▸ **Aim of the exercise**: Each entry has to be printed again exactly.

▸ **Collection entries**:
>>>
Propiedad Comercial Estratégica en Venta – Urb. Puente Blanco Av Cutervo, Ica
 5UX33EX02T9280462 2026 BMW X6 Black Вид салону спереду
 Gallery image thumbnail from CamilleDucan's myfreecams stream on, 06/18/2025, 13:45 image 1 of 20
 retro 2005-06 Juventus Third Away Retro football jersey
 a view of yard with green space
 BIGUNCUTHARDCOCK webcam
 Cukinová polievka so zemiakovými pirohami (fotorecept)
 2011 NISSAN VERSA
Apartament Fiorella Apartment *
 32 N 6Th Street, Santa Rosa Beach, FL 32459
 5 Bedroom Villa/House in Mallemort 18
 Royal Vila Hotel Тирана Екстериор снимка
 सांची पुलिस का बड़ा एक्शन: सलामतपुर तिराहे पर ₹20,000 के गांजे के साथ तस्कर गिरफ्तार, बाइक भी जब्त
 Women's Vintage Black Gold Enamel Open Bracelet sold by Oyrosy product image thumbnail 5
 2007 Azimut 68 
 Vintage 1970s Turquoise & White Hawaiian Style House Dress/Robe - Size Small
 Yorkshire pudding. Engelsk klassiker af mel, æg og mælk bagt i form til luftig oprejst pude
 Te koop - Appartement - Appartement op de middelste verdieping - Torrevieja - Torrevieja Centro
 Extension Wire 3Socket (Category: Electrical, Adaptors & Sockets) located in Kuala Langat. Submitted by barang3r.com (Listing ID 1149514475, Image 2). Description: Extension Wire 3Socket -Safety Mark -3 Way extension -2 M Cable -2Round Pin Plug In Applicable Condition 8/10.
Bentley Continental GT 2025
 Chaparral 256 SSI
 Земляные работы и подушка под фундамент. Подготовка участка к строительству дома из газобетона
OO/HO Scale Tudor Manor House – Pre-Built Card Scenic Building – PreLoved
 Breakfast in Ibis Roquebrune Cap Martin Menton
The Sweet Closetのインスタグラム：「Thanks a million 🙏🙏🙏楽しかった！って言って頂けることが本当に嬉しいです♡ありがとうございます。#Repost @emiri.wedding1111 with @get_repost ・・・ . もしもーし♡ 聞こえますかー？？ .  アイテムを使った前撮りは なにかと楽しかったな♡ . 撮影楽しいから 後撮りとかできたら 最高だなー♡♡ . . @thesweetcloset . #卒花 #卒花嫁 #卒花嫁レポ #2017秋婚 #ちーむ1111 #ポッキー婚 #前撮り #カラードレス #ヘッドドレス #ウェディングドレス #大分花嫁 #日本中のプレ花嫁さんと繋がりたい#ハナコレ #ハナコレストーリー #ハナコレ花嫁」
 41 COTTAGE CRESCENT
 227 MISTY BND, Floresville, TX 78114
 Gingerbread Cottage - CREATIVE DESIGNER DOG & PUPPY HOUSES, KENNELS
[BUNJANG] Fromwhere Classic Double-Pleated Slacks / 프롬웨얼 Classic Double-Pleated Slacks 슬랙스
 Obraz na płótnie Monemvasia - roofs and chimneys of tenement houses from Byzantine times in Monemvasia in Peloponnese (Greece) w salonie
<<<
▸ **Solution**:
Propiedad Comercial Estratégica en Venta – Urb. Puente Blanco Av Cutervo, Ica
 5UX33EX02T9280462 2026 BMW X6 Black Вид салону спереду
 Gallery image thumbnail from CamilleDucan's myfreecams stream on, 06/18/2025, 13:45 image 1 of 20
 retro 2005-06 Juventus Third Away Retro football jersey
 a view of yard with green space
 BIGUNCUTHARDCOCK webcam
 Cukinová polievka so zemiakovými pirohami (fotorecept)
 2011 NISSAN VERSA
Apartament Fiorella Apartment *
 32 N 6Th Street, Santa Rosa Beach, FL 32459
 5 Bedroom Villa/House in Mallemort 18
 Royal Vila Hotel Тирана Екстериор снимка
 सांची पुलिस का बड़ा एक्शन: सलामतपुर तिराहे पर ₹20,000 के गांजे के साथ तस्कर गिरफ्तार, बाइक भी जब्त
 Women's Vintage Black Gold Enamel Open Bracelet sold by Oyrosy product image thumbnail 5
 2007 Azimut 68 
 Vintage 1970s Turquoise & White Hawaiian Style House Dress/Robe - Size Small
 Yorkshire pudding. Engelsk klassiker af mel, æg og mælk bagt i form til luftig oprejst pude
 Te koop - Appartement - Appartement op de middelste verdieping - Torrevieja - Torrevieja Centro
 Extension Wire 3Socket (Category: Electrical, Adaptors & Sockets) located in Kuala Langat. Submitted by barang3r.com (Listing ID 1149514475, Image 2). Description: Extension Wire 3Socket -Safety Mark -3 Way extension -2 M Cable -2Round Pin Plug In Applicable Condition 8/10.
Bentley Continental GT 2025
 Chaparral 256 SSI
 Земляные работы и подушка под фундамент. Подготовка участка к строительству дома из газобетона
OO/HO Scale Tudor Manor House – Pre-Built Card Scenic Building – PreLoved
 Breakfast in Ibis Roquebrune Cap Martin Menton
The Sweet Closetのインスタグラム：「Thanks a million 🙏🙏🙏楽しかった！って言って頂けることが本当に嬉しいです♡ありがとうございます。#Repost @emiri.wedding1111 with @get_repost ・・・ . もしもーし♡ 聞こえますかー？？ .  アイテムを使った前撮りは なにかと楽しかったな♡ . 撮影楽しいから 後撮りとかできたら 最高だなー♡♡ . . @thesweetcloset . #卒花 #卒花嫁 #卒花嫁レポ #2017秋婚 #ちーむ1111 #ポッキー婚 #前撮り #カラードレス #ヘッドドレス #ウェディングドレス #大分花嫁 #日本中のプレ花嫁さんと繋がりたい#ハナコレ #ハナコレストーリー #ハナコレ花嫁」
 41 COTTAGE CRESCENT
 227 MISTY BND, Floresville, TX 78114
 Gingerbread Cottage - CREATIVE DESIGNER DOG & PUPPY HOUSES, KENNELS
[BUNJANG] Fromwhere Classic Double-Pleated Slacks / 프롬웨얼 Classic Double-Pleated Slacks 슬랙스
 Obraz na płótnie Monemvasia - roofs and chimneys of tenement houses from Byzantine times in Monemvasia in Peloponnese (Greece) w salonie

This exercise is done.